While offshore drilling in shallower waters allows a jackup to position itself on the sea floor above the location, drilling in deepwaters requires the rig, whether a semisub or a drillship, to float above the location. Taking into account that drilling equipment must sometimes span thousands of feet of water before even reaching the ocean floor, slight movements above the water's surface can have drastic effects on the drilling operations.
Additionally, some offshore developments require floating facilities. FPSOs and semisubmersible production facilities are positioned above the subsea development, housing production equipment and other machinery. Multiple risers connect the development below the water to the facilities above it. If the wind and waves knock the facilities off-track, the development would have to stop production and undergo extensive repairs.
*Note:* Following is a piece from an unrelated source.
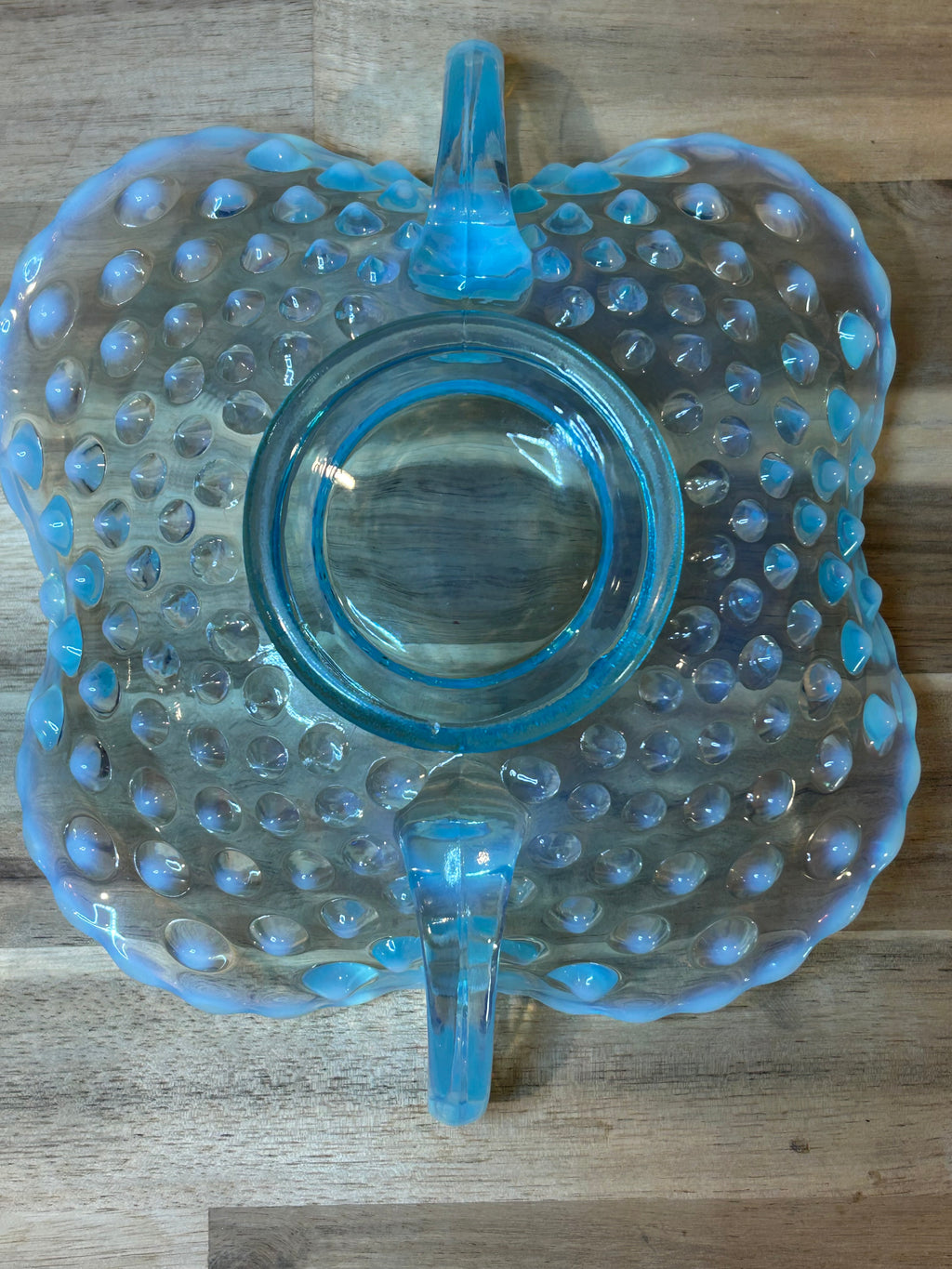 Fenton Hobnail Dish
Keeping floating equipment in position, whether performing drilling or production operations, is an important logistical aspect of the overall procedures. While drilling and production risers are somewhat flexible to provide for limited movements caused by the ocean currents, too much movement can break them and cause drilling or production to cease, as well as costly require repairs.
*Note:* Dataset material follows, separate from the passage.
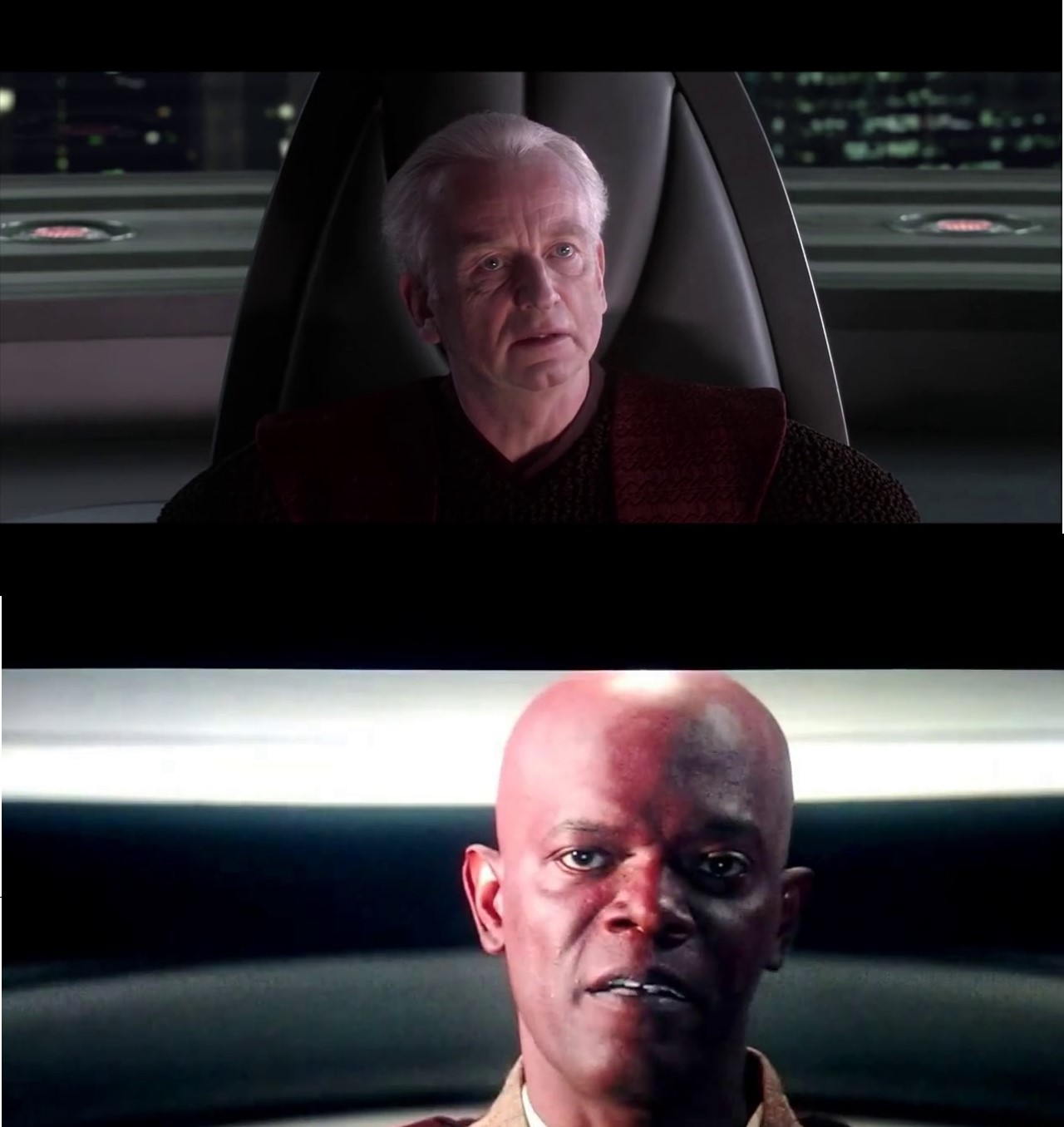 I am the Senate - Not yet Blank Meme Template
Like boats, floating facilities can be anchored to the ocean floor. According to the environment and the shape of the vessel, there are myriad ways to moor a vessel, which involves strategically anchoring the vessel by a number of lines to the ocean floor. Most recently, dynamic positioning has offered a more stable way to ensure that the vessel stays in position.
Dynamic positioning requires the vessel to have a number of thrusters, or powered propellers, throughout the vessel. These thrusters are located on the front and back, as well as both sides of the vessel, in order to maintain position from every direction.
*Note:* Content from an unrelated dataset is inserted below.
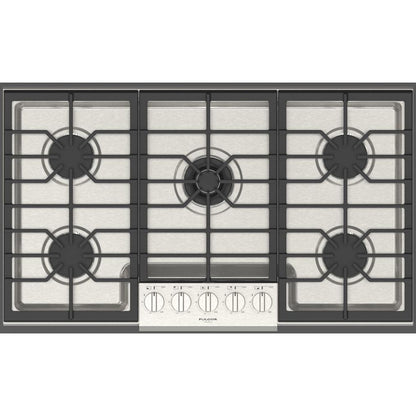 Fulgor Milano 36-inch Built-In Gas Cooktop F4PGK365S1 IMAGE 1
A computerized system automatically employs the thrusters when it is necessary. Information about the position of the vessel is communicated from special sensors on the ocean floor. Additionally, satellite communications and weather and wind information is transmitted to the computer system, further helping it control the movements of the vessel. Using the information provided to it, the computer automatically engages the thrusters to overcome any changes in the location of the vessel.
Sometimes mooring and dynamic positioning are used together to keep the vessel on position. Additionally, with a dynamic positioning system, these vessels many times can stop operations and move out of the way of threatening storms, such as hurricanes and cyclones, further strengthening the safety of the offshore development.